# About this exercise:
For every line below, output the text exactly and leave out images.

# Input data:
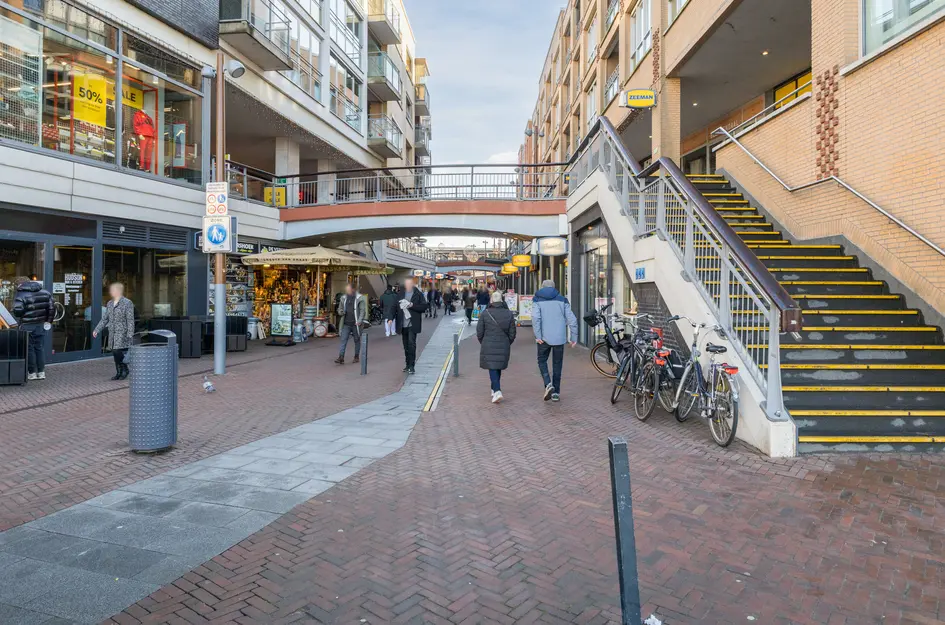 Schooldwarsstraat 100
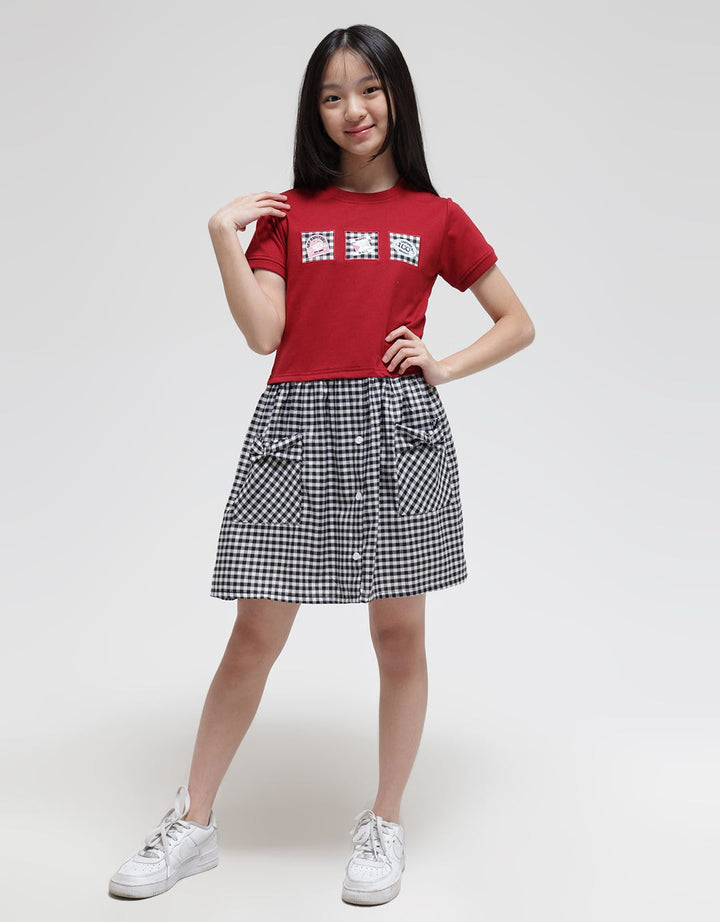 Nevada Short Sleeve Midi Dress Knit Comb Woven With Patch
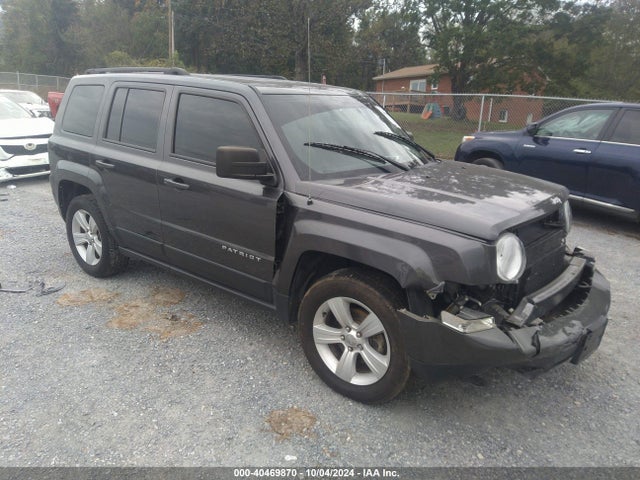 1C4NJRBB9HD212597 auction archive image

# Reply:
 Schooldwarsstraat 100
 Nevada Short Sleeve Midi Dress Knit Comb Woven With Patch
 1C4NJRBB9HD212597 auction archive image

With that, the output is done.